(MATERIAL TO PROCESS)
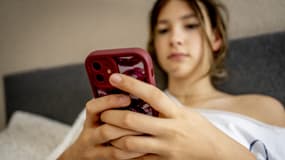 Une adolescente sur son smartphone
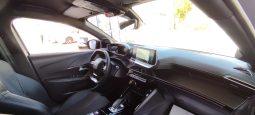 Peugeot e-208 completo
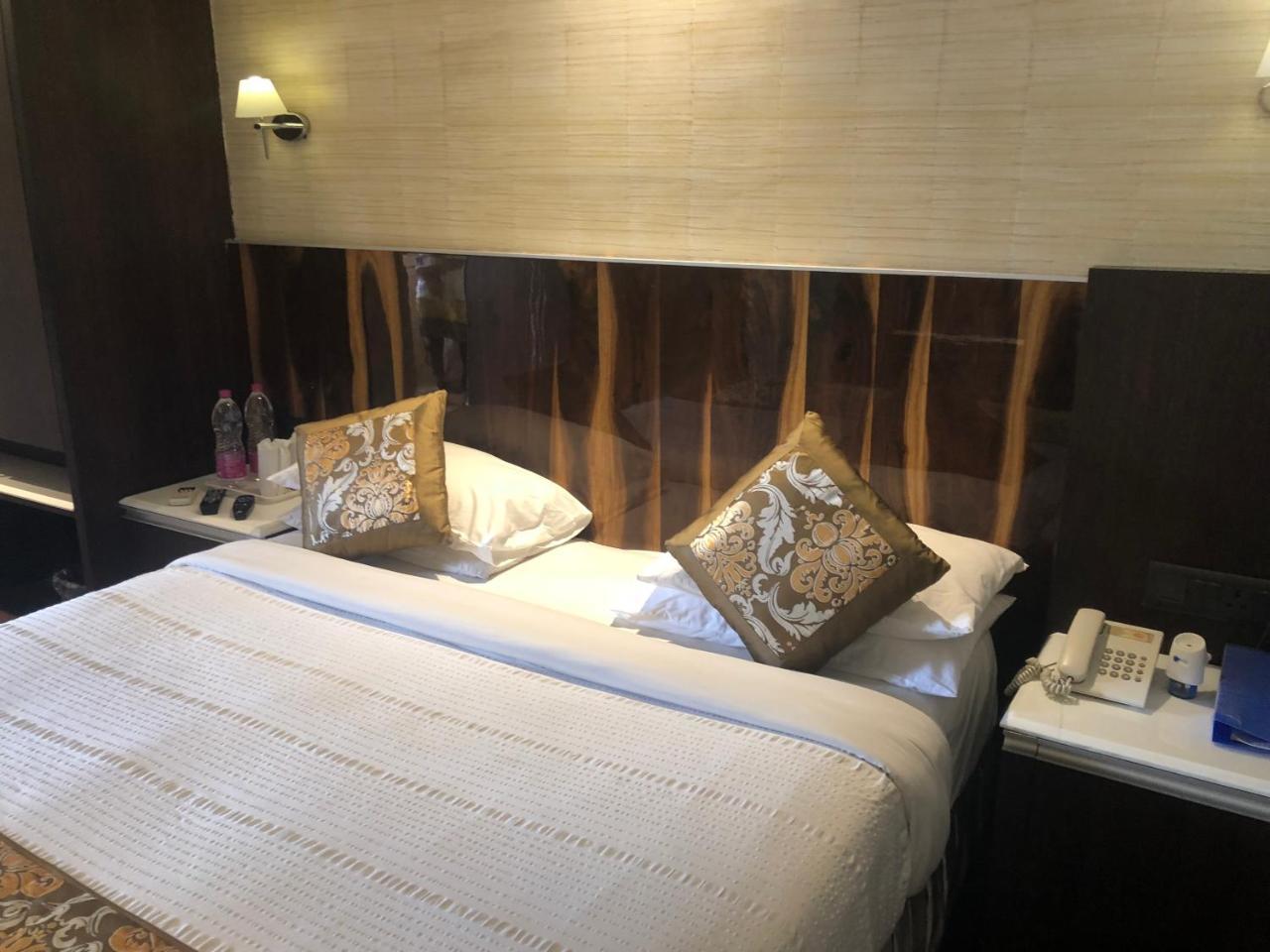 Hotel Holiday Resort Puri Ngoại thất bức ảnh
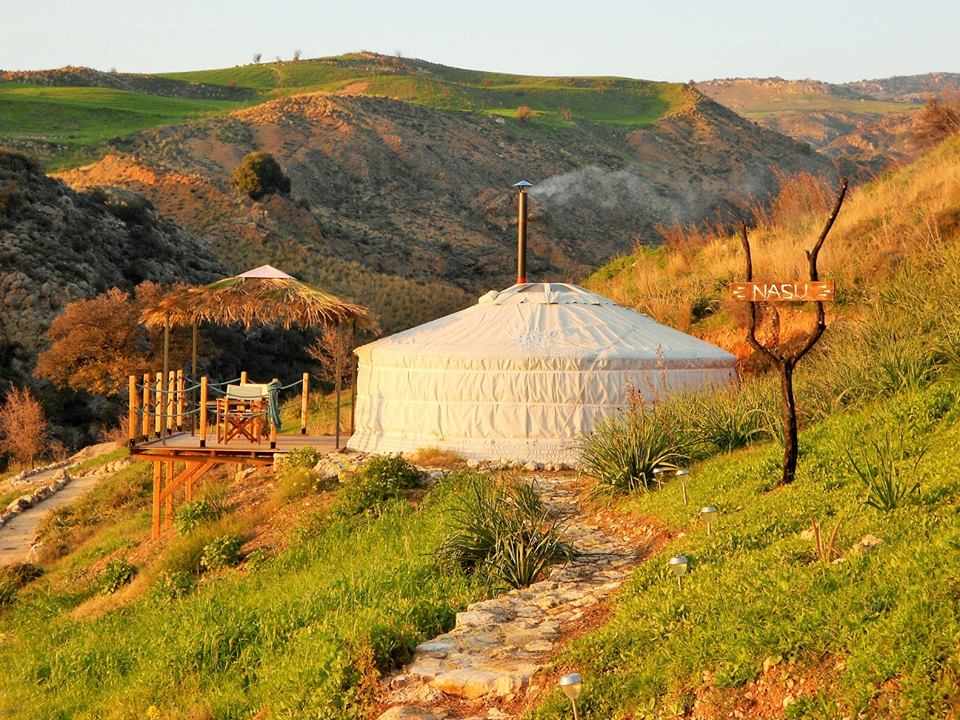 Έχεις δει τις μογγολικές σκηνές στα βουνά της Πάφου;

--

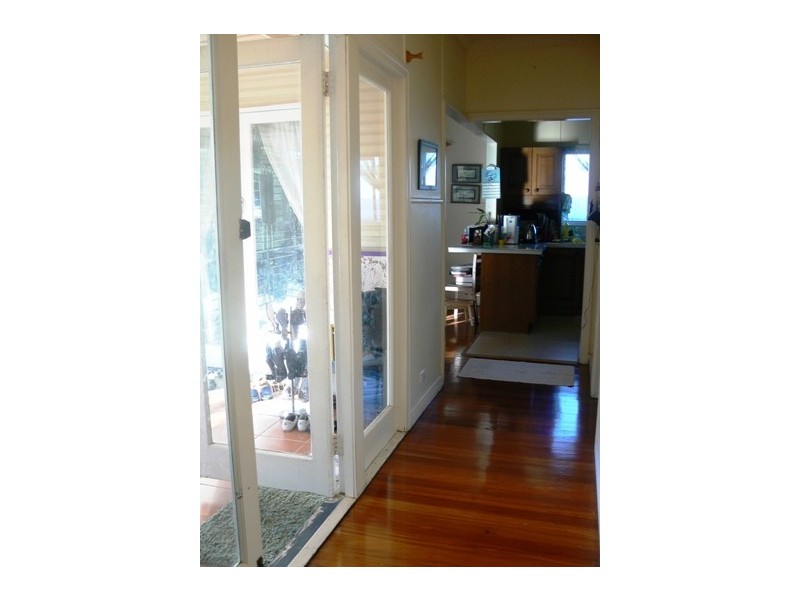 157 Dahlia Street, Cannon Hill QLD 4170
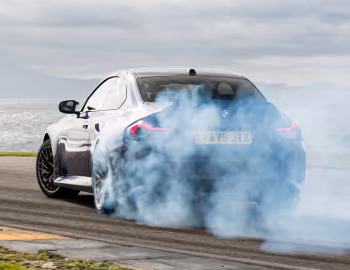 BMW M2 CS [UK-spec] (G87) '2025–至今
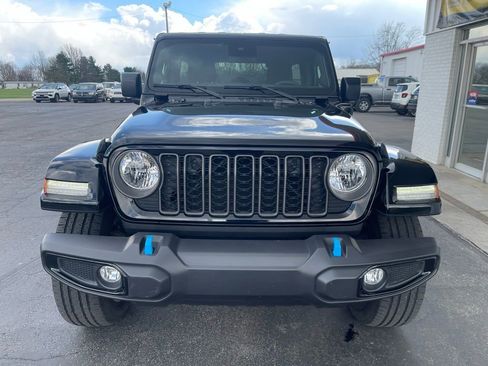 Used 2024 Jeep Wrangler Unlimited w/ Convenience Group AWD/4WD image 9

(PROMPT)
From the material above, reproduce only what runs from the line holding "Hotel Holiday Resort Puri Ngoại thất bức ảnh" down to the line holding "Έχεις δει τις", both included, pictures excluded.

(SOLUTION FOR THIS PROBLEM)
 Hotel Holiday Resort Puri Ngoại thất bức ảnh
 Έχεις δει τις μογγολικές σκηνές στα βουνά της Πάφου;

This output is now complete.